Content starts

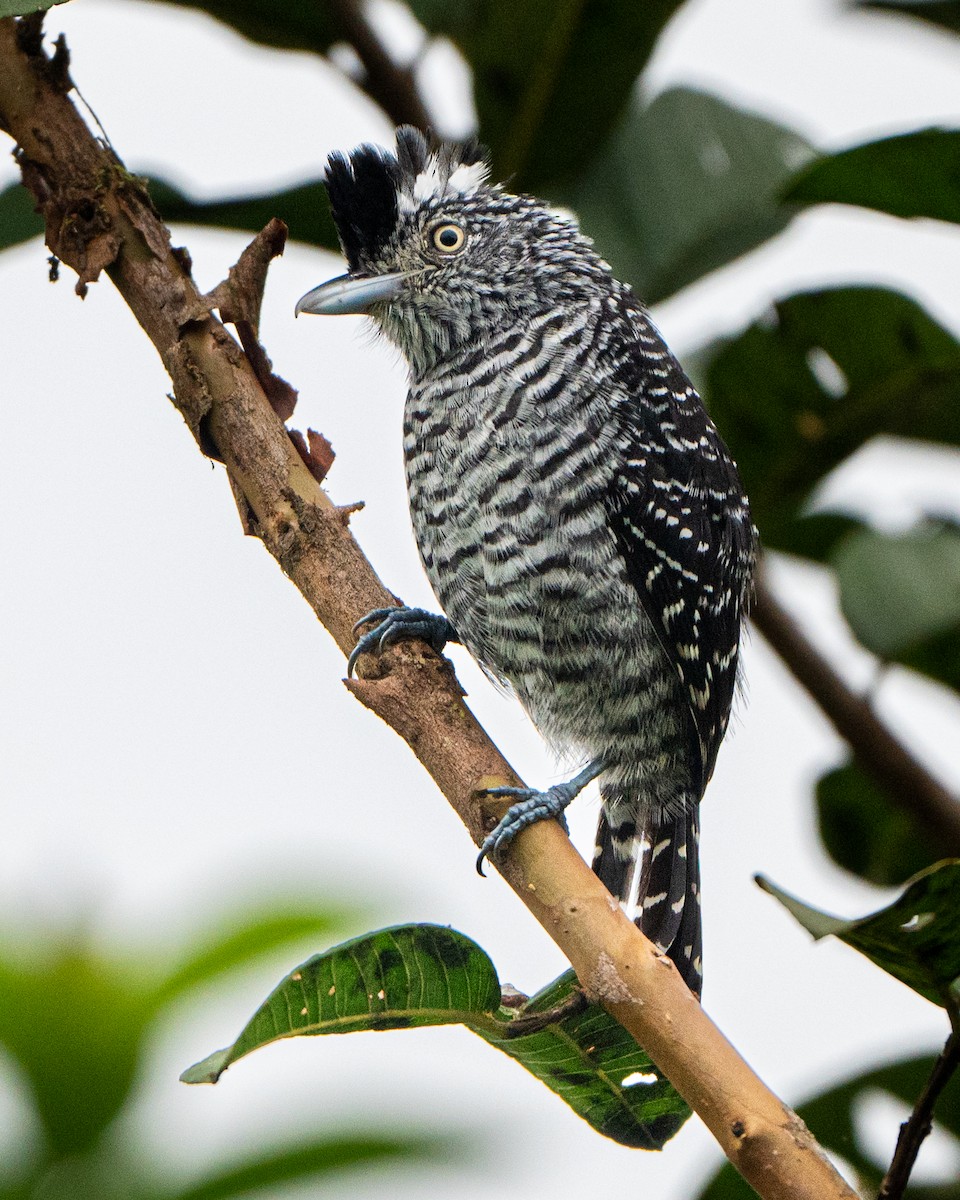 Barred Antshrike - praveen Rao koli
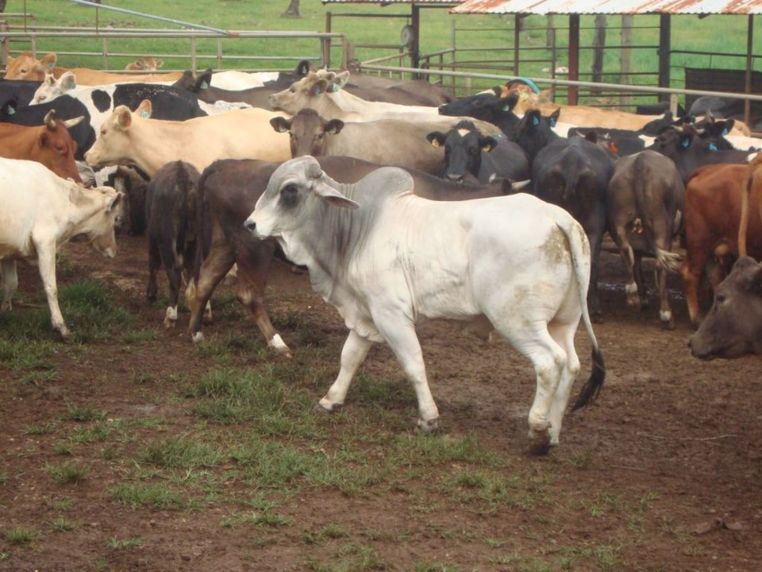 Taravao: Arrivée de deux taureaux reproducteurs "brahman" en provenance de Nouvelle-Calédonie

Content ends
Content starts

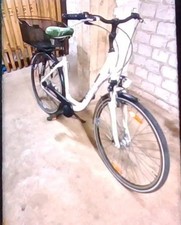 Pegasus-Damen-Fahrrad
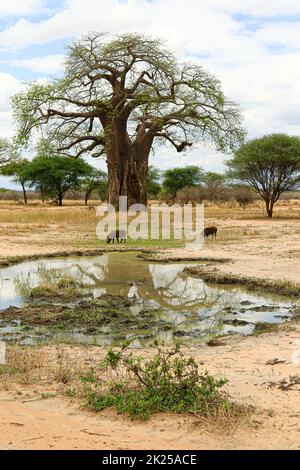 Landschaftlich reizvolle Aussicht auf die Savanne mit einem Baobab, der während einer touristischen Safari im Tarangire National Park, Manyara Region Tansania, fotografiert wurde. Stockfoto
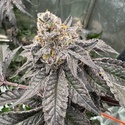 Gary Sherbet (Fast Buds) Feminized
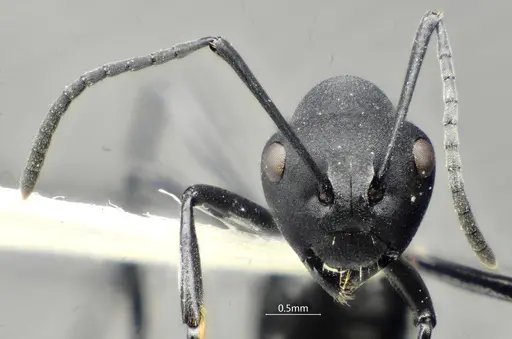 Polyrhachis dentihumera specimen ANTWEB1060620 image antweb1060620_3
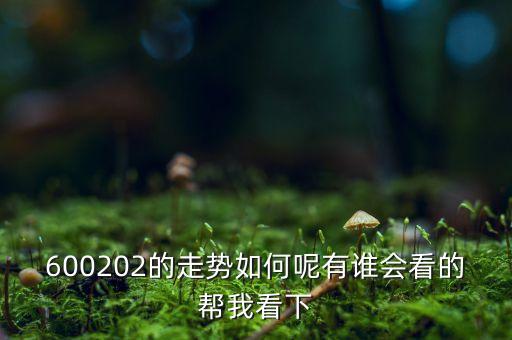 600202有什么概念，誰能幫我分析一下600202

Content ends
Content starts

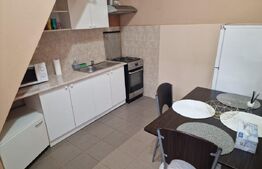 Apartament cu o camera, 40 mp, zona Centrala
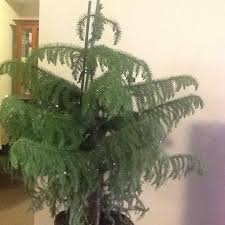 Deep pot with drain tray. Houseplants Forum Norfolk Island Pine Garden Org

Content ends

◆ **Directions**
Go to the line above holding "Apartament cu o camera, 40 mp, zona Centrala", then copy exactly each line down to and including the one holding "Deep pot with", leaving pictures out.

◆ **Response to this task**
 Apartament cu o camera, 40 mp, zona Centrala
 Deep pot with drain tray. Houseplants Forum Norfolk Island Pine Garden Org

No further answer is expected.